(Dataset excerpts)
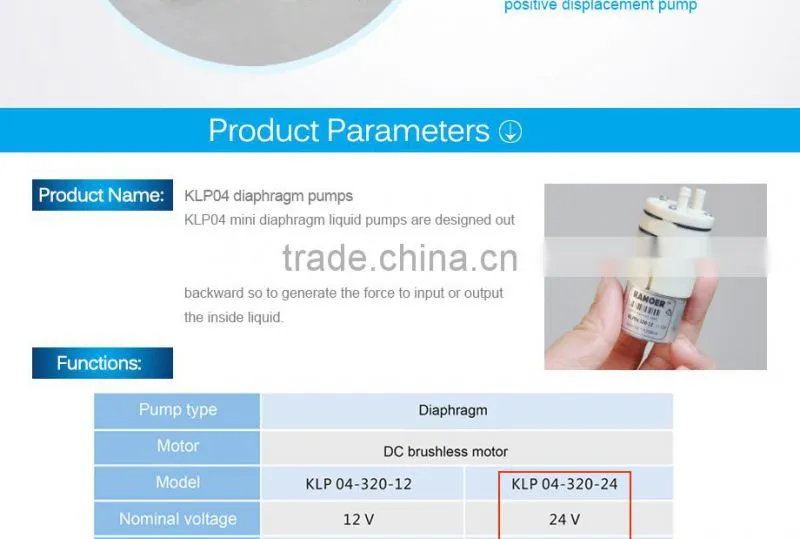 kamoer Mini Vacuum Pump used in lab, with negative pressure gauge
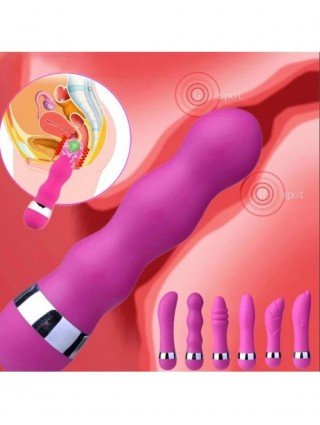 Mini Dildo Vibrator Female Masturbator Sex Toys Anal Butt Plug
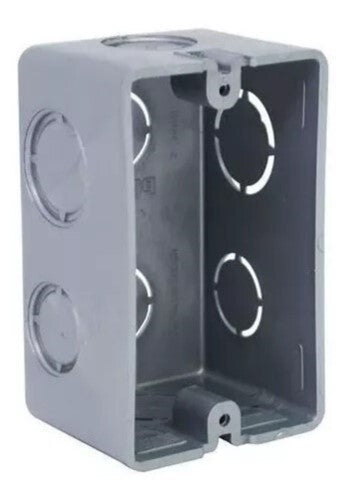 CAJA PLAST P/EMPOT BTICINO 2X4 533/503MS
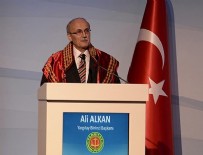 ALİ ALKAN - Yargıtay Başkanı Alkan emekliye ayrıldı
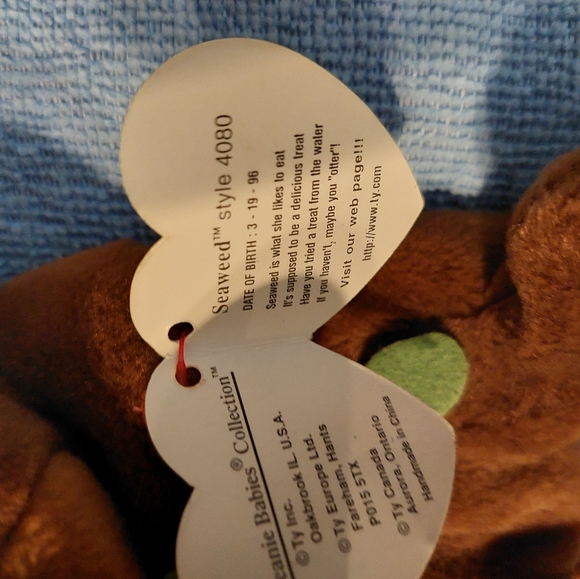 SEAWEED BEANIE BABIE - Picture 2 of 3
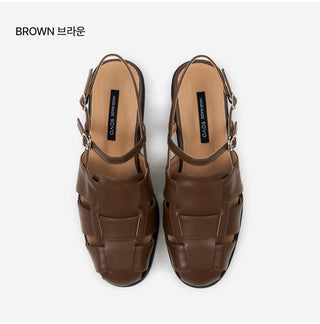 Troy Flat Sandals 2cm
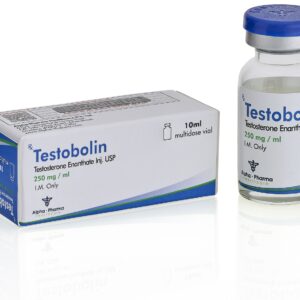 Testobolin - Enantato de Testosterona 250mg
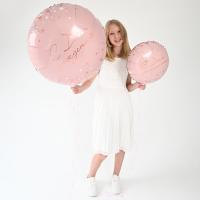 Фольгированные шары для девушки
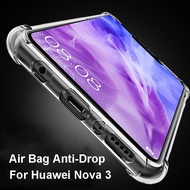 Mobile Phone Shockproof Anti-scatch Case Air Bag Anti-drop Transparent Clear TPU Back Cover for Huawei Nova3i P30 P30Lite P30Pro RYLH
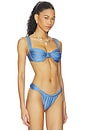 view 2 of 4 TOP BIKINI SOL in Sapphire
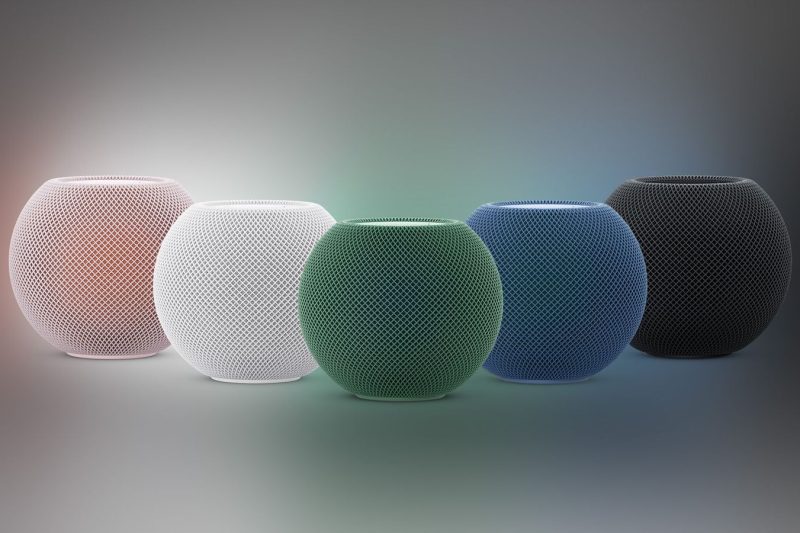 ภาพ HomePod mini 2 โผล่ในโค้ด Apple ดีไซน์เดิม เพิ่มสีเขียวและชมพู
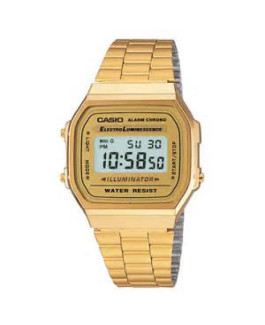 Casio Original A168WG-9EF Reloj Unisex Dorado - 000360042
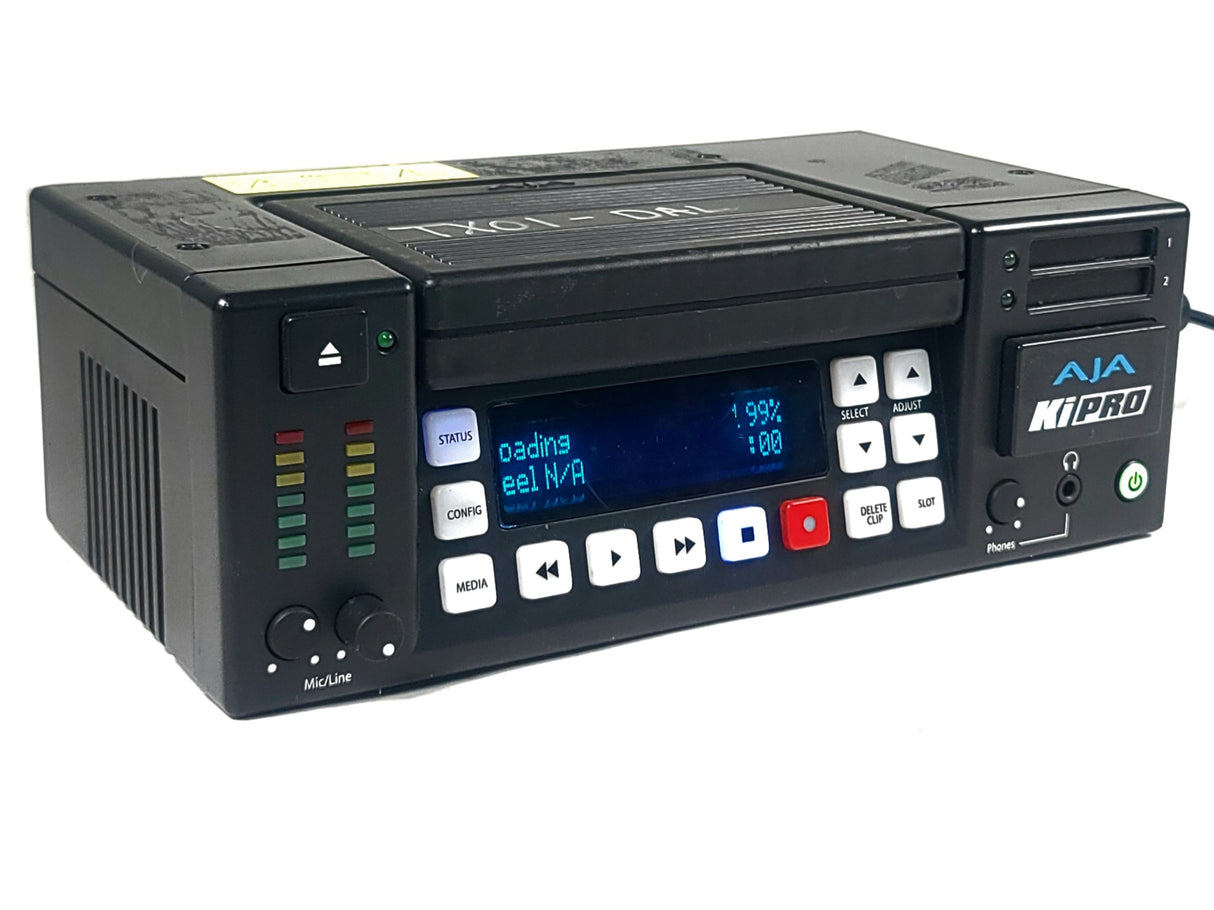AJA Ki Pro Portable HD/SD Recorder and Player w/ 500GB KiStor Hard Drive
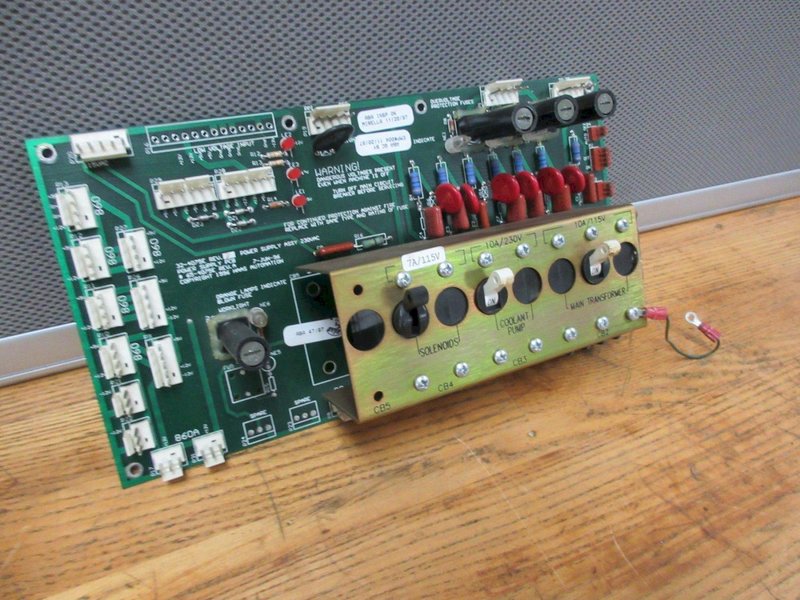 Used Haas Power Supply PCB Assembly 32-4075E Rev. D
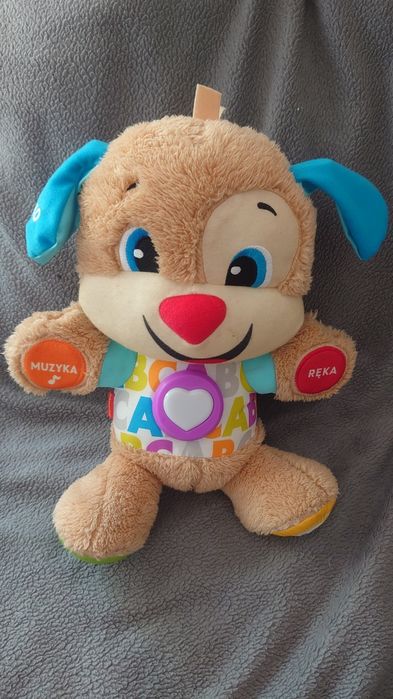 Szczeniaczek uczniaczek Fisher Price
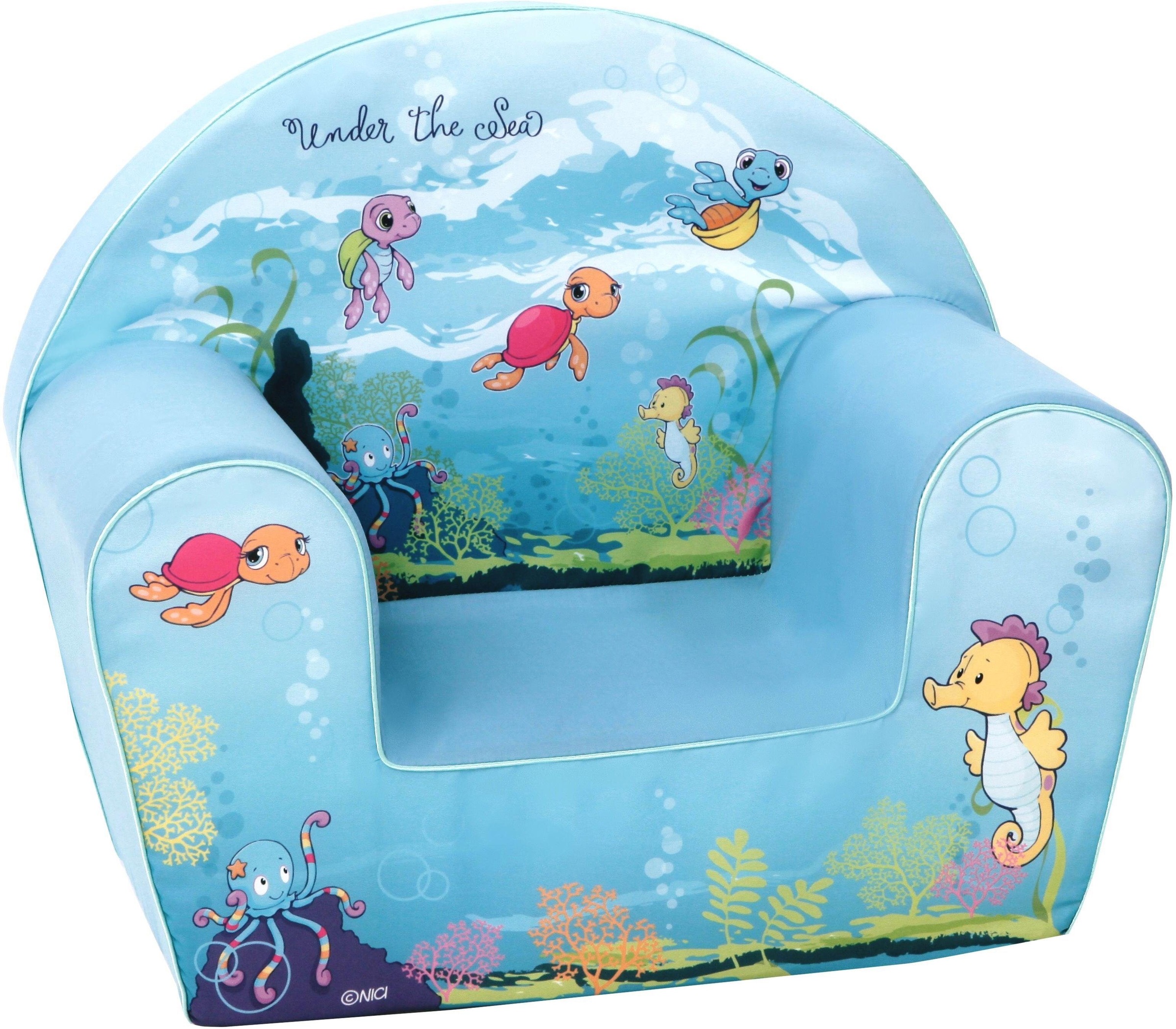 Image of Knorrtoys® Sessel »NICI Under the Sea«, für Kinder; Made in Europe bei Ackermann Versand Schweiz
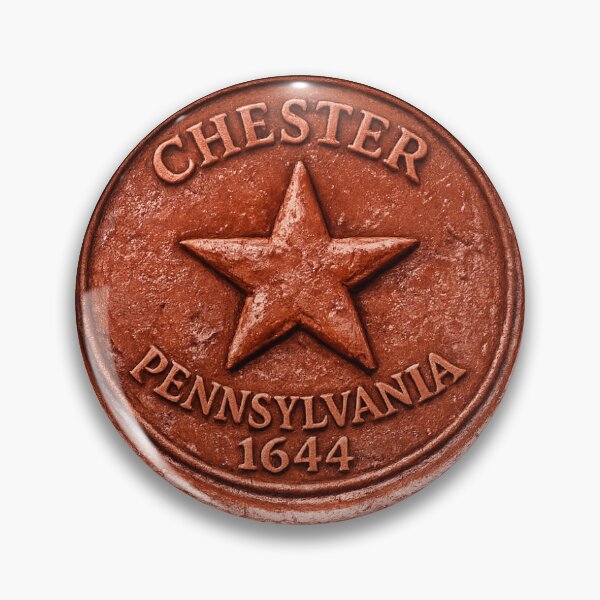 Item preview, Chester Pennsylvania  designed and sold by Broken Antler Designs .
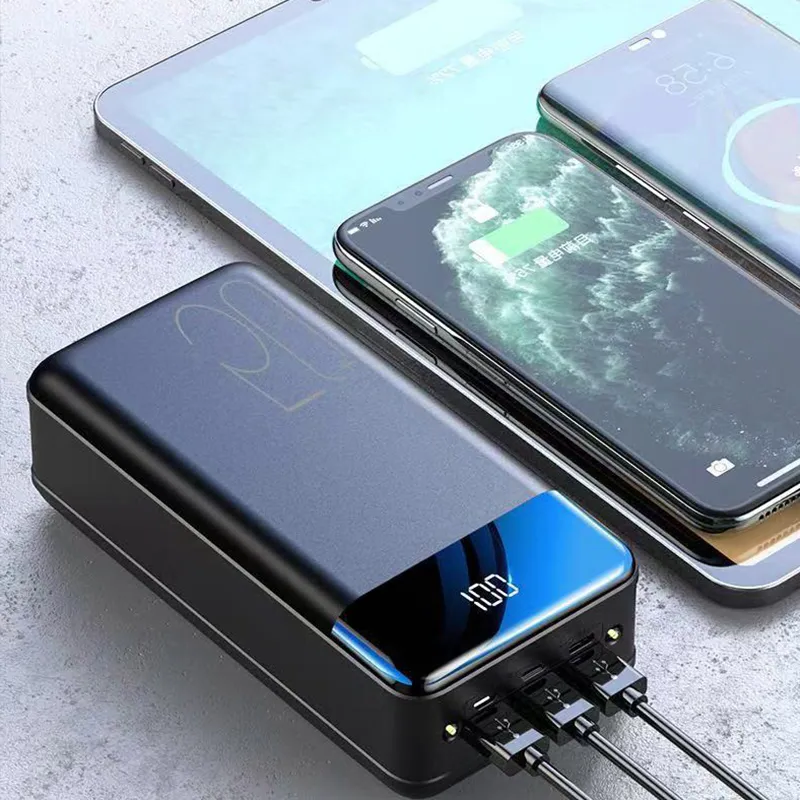 ChargeMax | Powerbank – Superhurtig Opladning & Stor Kapacitet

- Goal of the exercise:
Copy exactly, please, every line from the one holding "Szczeniaczek uczniaczek Fisher Price" through the last line of the data, both ends included, and no pictures.

- Task output:
 Szczeniaczek uczniaczek Fisher Price
 Image of Knorrtoys® Sessel »NICI Under the Sea«, für Kinder; Made in Europe bei Ackermann Versand Schweiz
 Item preview, Chester Pennsylvania  designed and sold by Broken Antler Designs .
 ChargeMax | Powerbank – Superhurtig Opladning & Stor Kapacitet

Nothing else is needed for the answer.